The Inspirations series highlights RPGs having special influence on or inspiration for the design of An Age Undreamed Of, the Sundered Reach or the World of Ytherra.

Thursday, October 17, 2013

AAUO Progress Report 10.17.13

I am working — after a couple of weeks off — on part 2 of the rules for An Age Undreamed Of. This is the game systems section of the book, and approximately the second third of the core rules. I'm having to go back and tweak Part 1 more than I expected. I even added an entirely new skill (for a total of 33 in the core rules and one more as of right now planned as a definite inclusion for later.)

Combat is mostly going to follow the d20 model, stripped down to remove cruft but with a few tidbits from elsewhere fitted in. I haven't started skills and actions yet, although I have it outlined, but what is definitely not going to be in the rules is a multipage rules section for each skill. A paragraph for most of them, and a brief one if that, with a few getting more explanation.

I've also done a little bit of sketching on the source map for the graphic in the last post, refining some placeholder names and shuffling some stuff around to make it fit better. I am not what you could call "working seriously" on this end of the project at this point.

The standard AAUO Disclaimer:
I am creating a (tabletop) fantasy role-playing game called An Age Undreamed Of, set in a mythical Forsaken Age. It is "old school" but not a a retro-clone. AAUO is built on a stripped-down d20 engine, injected with ideas from other RPGs of the late 70s and early 80. Anything you read about it here should be understood as notes on a work in progress.

Tuesday, October 15, 2013

Setting Implied and Otherwise

Back in the day tantalizing hints were encountered of a D&D world, present not just in the adventure modules but as little snippets of lore in places like the artifact descriptions in the Dungeon Master's Guide. The Ring of Gaxx, dread Vecna with his Hand and Eye, the Wind Dukes of Aaqa... these were things that had history, clearly. But only much, much later were these items developed in any concrete way. Until then they were mysterious rumors to spark the imagination.

From the standpoint of writing and designing An Age Undreamed Of, I'm taking the approach that there will be a strongly implied setting present in the game, and strictly that. While AAUO will be set in a mythical Forsaken Age, and while there will be names sprinkled throughout the text to suggest the history and cultures of this age, there will be no "official" version of that setting ever presented.

On the other hand, I do have a vast number of setting ideas and even a fairly fully realized world in the pipeline, which I will plan to get back to working on once the AAUO rules are done. At least one of these, the Sundered Reach, is a sandbox wilderness that I plan to develop for AAUO. The words "forsaken age" will likely appear together in the text of that work. It will be one small corner of a world with that appellation. But even if the book provides glimpses of a Forsaken Age, your Forsaken Age will be completely different.

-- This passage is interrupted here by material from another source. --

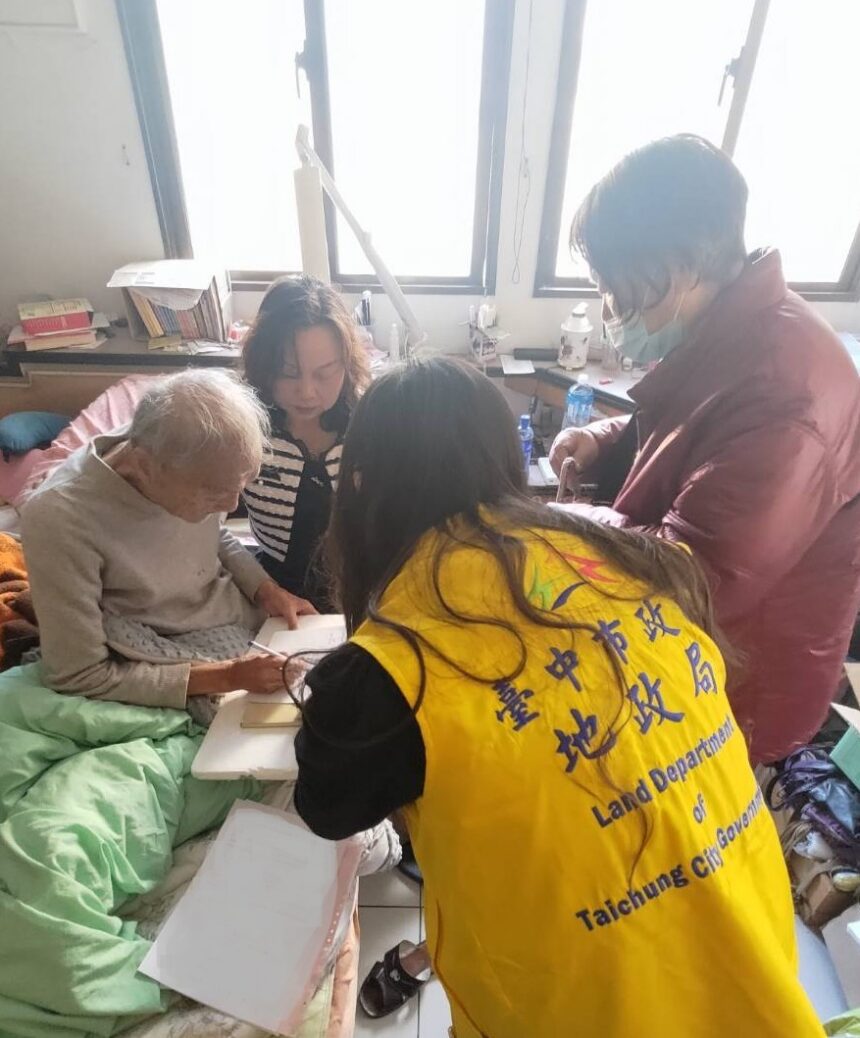 徵收補償費領取免奔波！　中市地政局推到府、到點發放服務　貼心照顧弱勢族群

I'm a big believer in strong setting materials; I did, after all, spend years working on exactly that. But I think an old-school RPG needs evocation and creative freedom. Even where there is a framework in place, as with the old World of Greyhawk folio, the world is never really presented to you. Instead, within some skeleton the world developed organically in play at each table. A setting defined down to the smallest parameter like the Forgotten Realms, neat and lovingly developed as it is, does lose the unique fingerprint stamped upon it by the group.

Don't get me wrong, though - I admire the Forgotten Realms as a piece of fine craftsmanship, and many fine campaigns have been set there. Too, the original FR boxed set is, I think, brilliantly evocative without being confining in the least. I'd say you could make a good case for that item being among the finest presentations of an old school setting. And even more, I admire masterpieces like Hârn and Tékumel. But what those two were, and what the Forgotten Realms became, are really a different find of framework than AAUO is going for.

(Today's graphic is a map I did a little while ago of a Forsaken Age. It may or may not see use in anything like its present form, but it is the landscape where the Sundered Reach will be set.)